Some of the juicier beats revolve around Jedikiah and John (Luke Mitchell). Where do they presently stand?
They have an estranged father/son relationship. Jedikiah is always reaching for John in a personal way and in a larger way. John is an instrument in this vast plan that Jedikiah has, but he also has a very personal relationship with him. It’s probably the closest thing Jedikiah has ever experienced to a son, and probably the most heartbreaking thing Jedikiah has ever experienced as well. I personally think he feels very responsible for this kid and where he’s ended up, the way a father would be if the kid grows up with a totally legitimate beef against the parents. Jedikiah, like with Stephen, is trying to connect, but is in a position where it is increasingly impossible.
Considering Jedikiah’s stance on the Tomorrow People, how did you justify his romance with the super-powered Morgan?
You know, you can’t help who you fall in love with. There’s something very seductive about a person who knows who you are, and accepts you for who and what you are. As Jedikiah says to Morgan, “You touched me and instantaneously knew who I was, and yet you weren’t repulsed. You weren’t freaked out. You actually accepted me. That’s a very beautiful thing. That got the better of me.” That said, Jedikiah is a very conflicted, mixed-up person. He can scientifically justify his animosity towards The Tomorrow People by a long list of superior species that wiped out inferior species and feels that is kind of the human destiny.
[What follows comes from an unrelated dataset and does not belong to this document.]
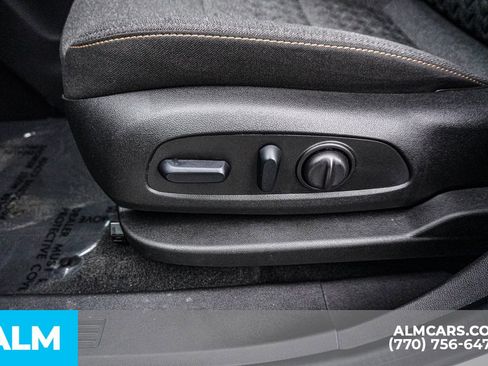 Used 2024 Chevrolet Equinox LT image 36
By the same token, he has such a personal connection to his brother and such a mixed feeling about The Tomorrow People. That makes the relationship understandable, but a terrible mistake in so many ways, because it makes him vulnerable.
You box, do jujutsu and have a black belt in taekwondo. Were you thrilled to prove Jedikiah was more than just a thinker when he took Russell (Aaron Yoo) on in combat?
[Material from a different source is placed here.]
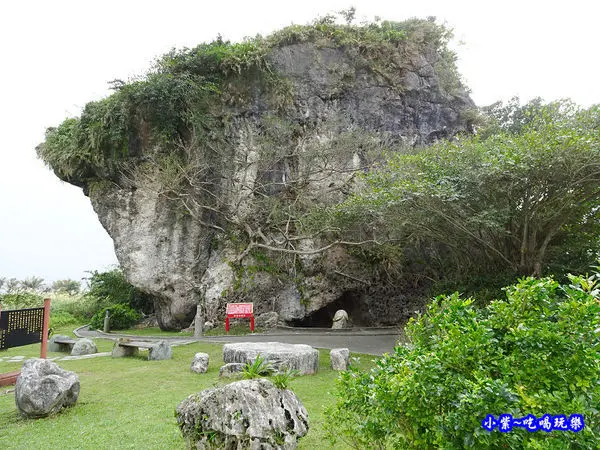 台東景點/成功鎮『男人之石』女生看了會害羞(兒童不宜賞遊)男人陽具"源神"轉動陽輪許願~讓人臉紅心跳!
Yeah, I do want to see more of that action, even though I don’t know that my body in real life can take it. There’s some stuff coming up. The intellectual stuff is good, but if you’re an agent, you’re a man of action and I’d like to see a little bit more of that.
Supernatural alum Ty Olsson guest-starred on the episode “The Citadel.” How was it shooting him in the head?
My wife was really upset by it. And when I looked at the episode, I was upset by it. I had to because he was about to do something to me with his mind, and so it had to be done. Something about that episode I found interesting was it felt like a bit of a throwback to the pilot and the very dark differences between us all. I thought we had been evolving into this interesting no man’s land where good guys are bad guys and bad guys are good guys. It was hard to distinguish who’s who. In that episode, Jedikiah was almost a defensive action against what had come before. He’s been vulnerable and you’d seen him as a guy who has been having troubles compartmentalizing his life the way he has to in order to get by every day. Then all of a sudden you see him back as this vicious, business-like killer. He’s even objectifying people like Charlotte. “Send the kid over here.” I think you are going to see another evolution of Jedikiah.
Lastly, can you tease a little bit about what viewers can expect in the remaining episodes?
It’s building towards a potential explosion and a potential realignment of elements. As to where Jedikiah fits in, who knows if the war is going to end or be ramped up to a different degree. But the universe is definitely going to be a different one.
The Tomorrow People airs Wednesdays at 9 p.m. ET/PT on The CW.